“一张银联卡在手,走遍天涯都不愁”。这是在当前祖国经济腾飞、科学进步、带动了信息的发展,银行部门为了人民的方便,减少携带大量现金不便和不安全采取的便民措施。只要将钱储存到身份证大小的银联卡内,记牢保密号码,不论到什么地方,什么省市,甚至到国外,想购物、想取现金,均可以刷卡或取钱,再不用担心金钱被扒。回想起在1949年12月,在衡阳工作的我,被组织上派到武汉买手风琴,一共携带了三百八十万元的现金(相当于现在的380元),全是二百元(相当于现在的2分钱)一张的小面额钞票,整整装满了一大半皮箱,足有一、二十斤重,一路上吃尽了苦头。
事情得从当时的情况说起:
自1949年4月21日晚,解放军渡江南下后,江南、华南解放的速度很快。衡阳、广州相继在十月中旬解放。在原国民党统治时期粤汉铁路的基础上,新中国成立了衡阳铁路管理局。衡阳局政治部需要组建文艺工作团,向中南局宣传部请求调配文艺干部。中南局宣传部即向中南最高文艺学府——中原大学文艺学院下达了命令。在10月24日晚上,我和谢家瑜、王安国、曹星平、李辉五个同志,接到了中大文工团团长迪之同志的通知,二话没说,次日便踏上了奔赴衡阳新工作岗位的征程。
衡铁局下属四个分局。即广州、柳州、衡阳、武昌。政治部组织部长徐芝云同志,当时在武昌分局蹲点,因此我们五位同志直接到徐部长那里报了到。当时她让我们趁便将中南局分配给郭维城局长的一辆中吉普押运到衡阳去。我们就坐在装在平板车上的汽车内上了路。火车行到衡山站时停下了,车站告诉我们:前面到衡阳的铁路,得两天以后才能修通。怎么办呢?又不像现在的通讯那样方便,可以用手机打个电话,汇报一下情况。只得先派王安国同志打前站,步行到衡阳去,向政治部说明情况。两天后大家才安全到达衡阳。
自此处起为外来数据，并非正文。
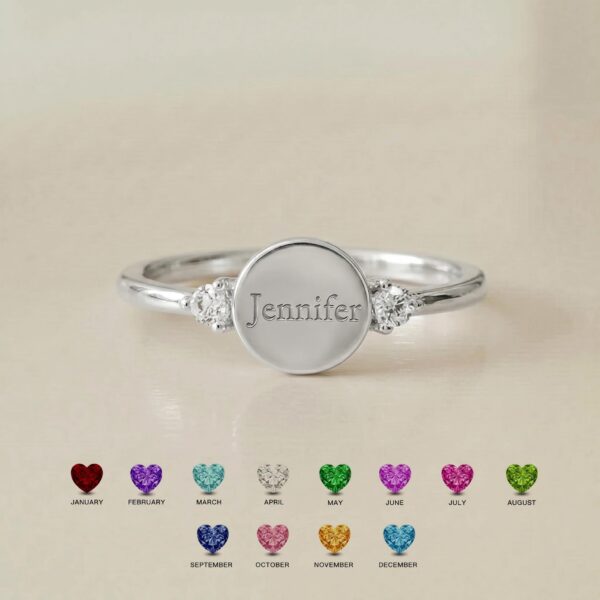 BRS057 name date and birthstone ring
组建一个文工团谈何容易!一切从零开始。除了指派专人到所属的四个分局工厂、学校招收文艺积极分子外,还另派专人到广州购买管、弦、打击乐器,以及舞台装置,整天忙得不可开交。我们虽然是从中原大学文工团来的,但过去从未担任过组建和领导工作,所以工作起来感到非常吃力。临来时迪之团长就语重心长的告诫我们:“你们是到一个新的解放区工作,不像在文艺学院时,很多都是从延安鲁艺来的,可以随时问,请求帮助。因此在思想上要准备一百条困难,以免遇事被困难吓倒。”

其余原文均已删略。